Code snippet is provided for future reference below [ Hope I have understood the changes correctly ]

DISTANCES = [
    [0,548,776,696,582,274,502,194,308,194,536,502,388,354,468,776,662,0], # from Source
    [0,0,684,308,194,502,730,354,696,742,1084,594,480,674,1016,868,1210,548],
    [0,684,0,992,878,502,274,810,468,742,400,1278,1164,1130,788,1552,754,776],
    [0,308,992,0,114,650,878,502,844,890,1232,514,628,822,1164,560,1358,696],
    [0,194,878,114,0,536,764,388,730,776,1118,400,514,708,1050,674,1244,582],
    [0,502,502,650,536,0,228,308,194,240,582,776,662,628,514,1050,708,274],
    [0,730,274,878,764,228,0,536,194,468,354,1004,890,856,514,1278,480,502],
    [0,354,810,502,388,308,536,0,342,388,730,468,354,320,662,742,856,194],
    [0,696,468,844,730,194,194,342,0,274,388,810,696,662,320,1084,514,308],
    [0,742,742,890,776,240,468,388,274,0,342,536,422,388,274,810,468,194],
    [0,1084,400,1232,1118,582,354,730,388,342,0,878,764,730,388,1152,354,536],
    [0,594,1278,514,400,776,1004,468,810,536,878,0,114,308,650,274,844,502],
    [0,480,1164,628,514,662,890,354,696,422,764,114,0,194,536,388,730,388],
    [0,674,1130,822,708,628,856,320,662,388,730,308,194,0,342,422,536,354],
    [0,1016,788,1164,1050,514,514,662,320,274,388,650,536,342,0,764,194,468],
    [0,868,1552,560,674,1050,1278,742,1084,810,1152,274,388,422,764,0,798,776],
    [0,1210,754,1358,1244,708,480,856,514,468,354,844,730,536,194,798,0,662],
    [0,0,0,0,0,0,0,0,0,0,0,0,0,0,0,0,0,0], # from Sink
    ]
    
# Demands (key: node, value: amount)
DEMAND = {1: 1, 2: 1, 3: 2, 4: 4, 5: 2, 6: 4, 7: 8, 8: 8, 9: 1, 10: 2, 11: 1, 12: 2, 13: 4, 14: 4, 15: 8, 16: 8}

# Frequencies (key: node, value: frequency in planning period)
FREQ = {1: 1, 2: 1, 3: 1, 4: 1, 5: 1, 6: 4, 7: 5, 8: 3, 9: 1, 10: 8, 11: 4, 12: 2, 13: 2, 14: 2, 15: 2, 16: 2}

# The matrix is transformed into a DiGraph
A = matrix(DISTANCES, dtype=[("cost", int)])
G = from_numpy_matrix(A, create_using=nx.DiGraph())

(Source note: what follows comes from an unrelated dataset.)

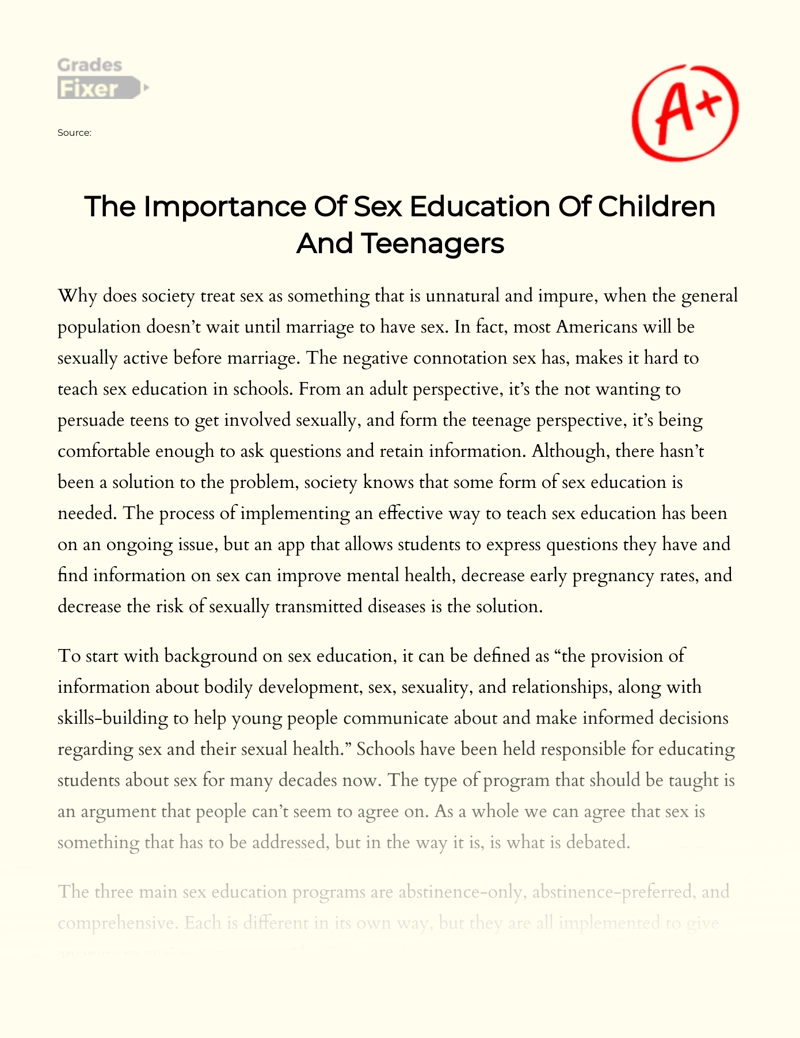 The Importance of Sex Education of Children and Teenagers essay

# The demands are stored as node attributes
set_node_attributes(G, values=DEMAND, name="demand")

##Setting the frequency for each node
set_node_attributes(G, values=FREQ, name="frequency") 

# The depot is relabeled as Source and Sink
G = relabel_nodes(G, {0: "Source", 17: "Sink"})

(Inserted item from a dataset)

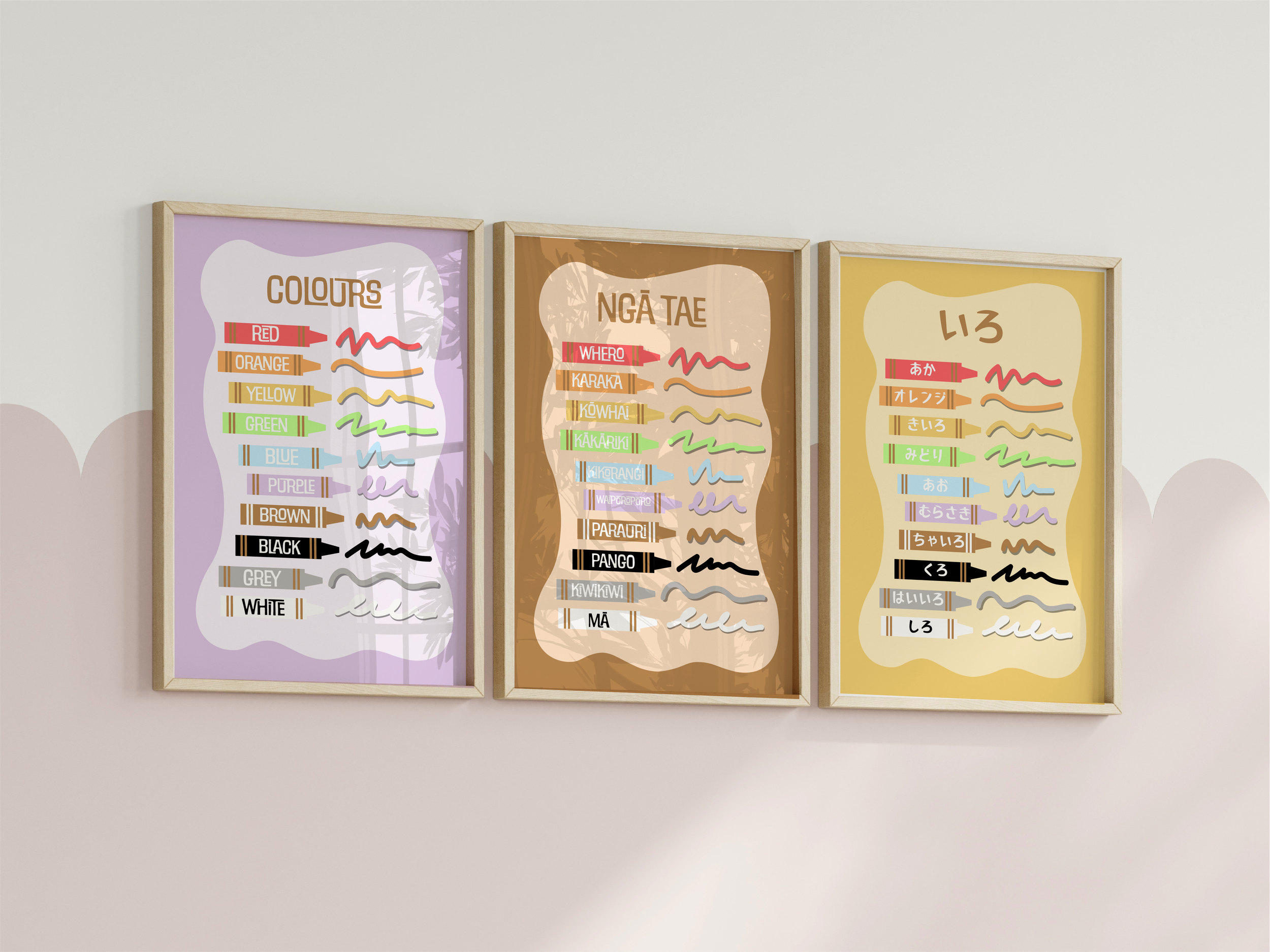 Multilingual colour chart prints - english, maori and japanese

prob = VehicleRoutingProblem(G, load_capacity=15)

# Setting planning horizon to 10 days 
prob.periodic = 10
    
prob.solve()
    
#Note : Some days might have zero routes
for route_num, route_keys in sorted(prob.schedule.items()):
    print("\nRoute for Day " + str(route_num), " : ")
    i = 1
    for k in route_keys:
        print("\tRoute ",i," : ",prob.best_routes[k])
        i=i+1
   
print("Total Cost of set of optimum Route : ", prob.best_value)

Yes exactly, the fixed cost is added on a per route basis, so it is charged for every route, every day of the planning period. It could be the driver’s salary for example.